Capítulo 1

Diez días antes.

En calzoncillos, caminé sobre las frías losas del porche para recoger el periódico, que había ido a parar, cómo no, al charco formado junto al aspersor averiado. Las ventanas y las puertas de cristal correderas de los apartamentos del otro lado de la calle —barrio de Bel Air, aunque solo según el código postal— reflejaban las grisáceas nubes: una imagen bastante acorde con mi estado de ánimo. El invierno de Los Ángeles había hecho como siempre una aparición tardía, perezoso para levantarse, sacudirse la resaca y maquillarse. Pero había llegado, de cualquier modo, bajando los termómetros a menos de diez grados y cubriendo los lujosos coches de leasing con una pátina de rocío. Rescaté el periódico chorreante, por suerte envuelto en plástico, y regresé adentro. Desplomándome otra vez en el diván del salón, quité el envoltorio del Times y retiré la sección de «Espectáculos». Al desplegarla, cayó en mi regazo un DVD metido en un estuche transparente.

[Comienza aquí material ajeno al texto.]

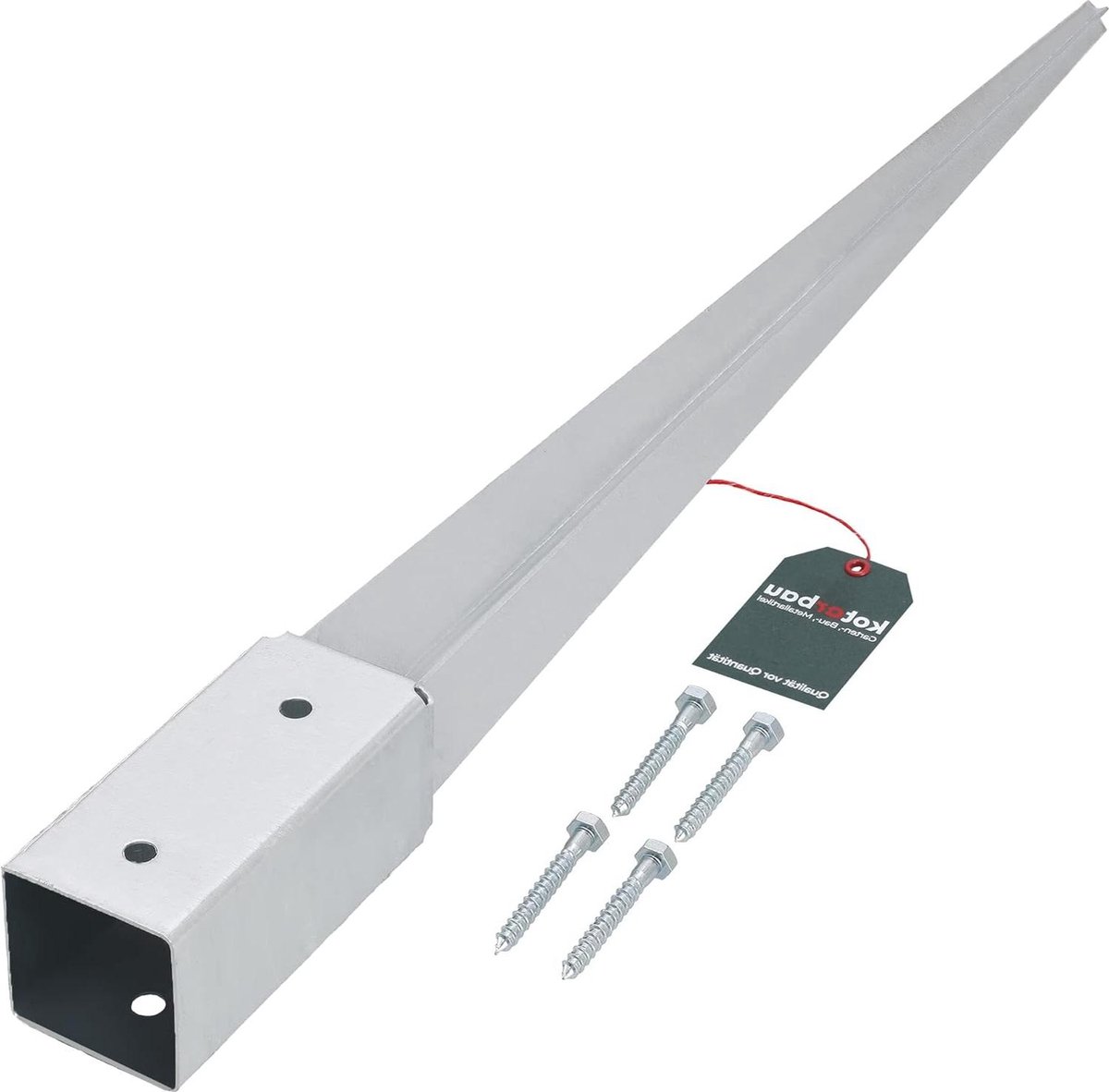 Inslagbodemhuls 61 x 61 mm lengte 750 mm - paaldrager - thermisch verzinkt - grondanker - staal
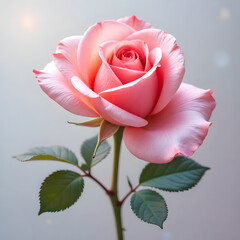 Beautiful pink rose in full bloom high resolution image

Me lo quedé mirando. Le di la vuelta. Era un disco virgen, sin etiqueta, como los que se compran al por mayor para grabar. Extraño; incluso con un toque siniestro. Me levanté, me arrodillé en la alfombrilla y coloqué el disco en el reproductor. Desconectando el sonido envolvente para no despertar a Ariana, me senté en el suelo y miré con atención la pantalla de plasma, irreflexivamente adquirida cuando nuestro saldo aún iba viento en popa.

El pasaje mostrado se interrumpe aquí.